In juni 1981 presenteerde BMW de 5-Reeks met
codenaam E28. Met zijn zescilinder-in-lijn die tot 184 pk produceerde en zijn
sportieve weggedrag werd de Beier de meest dynamische berline op de markt. Maar
daar waren ze in München niet tevreden mee: zij zagen er meer potentieel in. In
1984 volgde de M535i, met 3,5 liter grote motor. Het vermogen van 218 pk zorgde
voor een sportief argument.
Meer is beter
Een jaar later deed het merk nog beter ,met de
motor van zijn M1 onder de kap van de berline. De zescilinder-in-lijn van 3,5
liter kreeg een cilinderkop met dubbele bovenliggende nokkenas en 24 kleppen,
waardoor hij 286 pk produceerde. Op die manier zette de eerste M5 ongeziene
prestaties neer: 0-100 km/u in 6,5 seconden en een topsnelheid van 245 km/u.
Sneller kon je in die tijd bijna alleen met een Ferrari of Porsche.
De atletische prestaties werden aangevuld met
een luxueuze afwerking.

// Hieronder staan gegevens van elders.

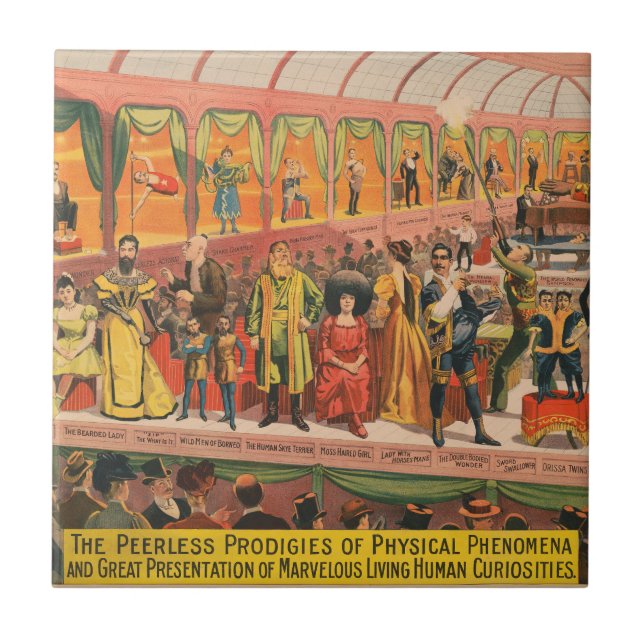 The Peerless Prodigies Of Physical Phenomena Ceramic Tile (Front)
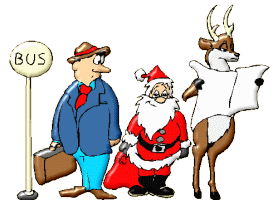 Christmas santas graphics
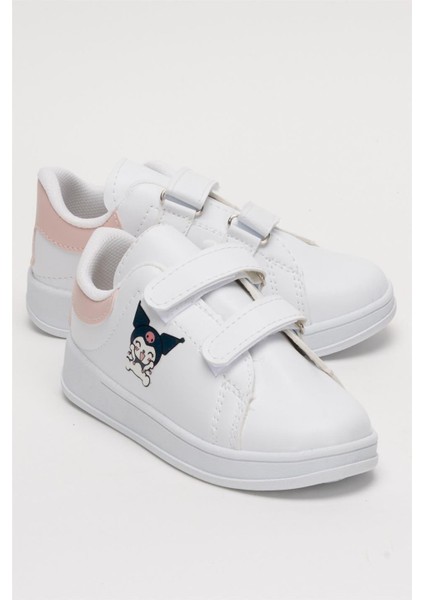 Çocuk Kuromi Baskılı Cırtlı Unisex Spor Ayakkabı BEYAZ - PUDRA fiyatları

De auto’s werden met de hand gebouwd en kregen onder
meer elektrische zetels, klimaatregeling, een geüpgradede stereo, leder,…
Vandaag
De E28 M5 was duur en kwam op het einde van de
modelcarrière van de toenmalige 5-Reeks. Hij werd dus geen groot succes: er
werden minder dan 2.200 exemplaren geproduceerd. Daarom betaal je vandaag
tussen € 20.000 en 30.000 voor een exemplaar in goede staat. De minder
krachtige (252 pk) Amerikaanse versies, die grotere bumpers kregen, kosten
minder.
De M5 is betrouwbaar als hij goed onderhouden
is, en is de archetypische asfaltvreter. Dat verklaart de vaak astronomische
kilometerstanden van modellen die je vandaag op de markt vindt. Maar dat hoeft
niet erg te zijn als het onderhoud volgens het boekje is gebeurd. De
zescilinder is robuust, maar moet nauwgezet worden onderhouden, en liever niet
door de eerste de beste garagist. Kijk zoals steeds het koetswerk grondig na,
net als alle elektronische snufjes.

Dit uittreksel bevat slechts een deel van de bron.